The smaller types generally ripen before temperatures reach triple digits.

Now, it’s not just time and temperature that makes the difference with tomatoes. Every year, we get calls at the Master Gardener help line from people who tell us about their large, bushy tomato plants. Sounds good at first, but those large, bushy tomato plants only have leaves, no fruit. Nobody grows tomatoes for their leaves. So how can this happen?

By being too kind and generous – overfertilizing.

Giving the plant high doses of nitrogen induces leaf production and interferes with flowering. No flowers, no tomatoes.

This doesn’t mean you don’t fertilize. Just don’t apply excess nitrogen. That’s the first number on any fertilizer container. Once flowers begin to appear, try increasing the second and third numbers. The second is phosphorus, which is so important for flowers and roots. We always forget about roots, and we shouldn’t.
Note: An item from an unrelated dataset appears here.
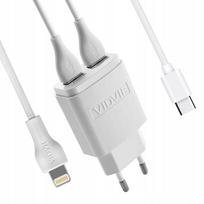VIDVIE tinklo įkroviklis 2.4A 2xUSB + 2x laidas greitam įkrovimui, baltas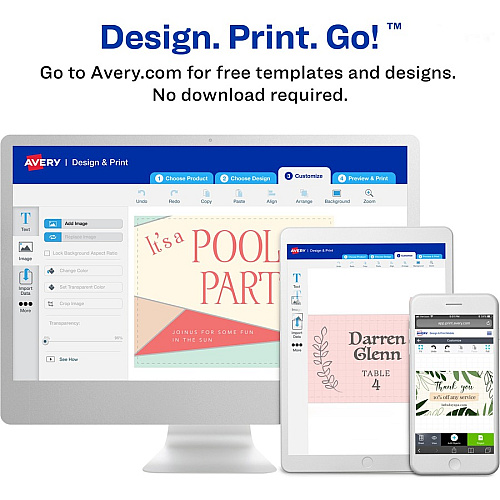 Avery&reg; Invitation Cards with Metallic Gold Borders 5" Width x 7" Length - Rectangle - Inkjet, Laser - Matte - White - Gold Border - Paper - Chlorine-free, Perforated, PVC-free - 15 / Sheet - 2 Total Sheets - 30 / Pack (3325)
The third number’s potassium. Potassium is essential for water movement within the plant. It’s also a major player in the ripening process.

In general, look for smaller varieties with shorter growing periods. You can even give them some shade; that’ll extend your season.

Tomatoes can be frustrating, certainly, but so delicious. Definitely worth the effort.

For KNPR’s Desert Bloom, this is Dr. Angela O’Callaghan of the University of Nevada Cooperative Extension.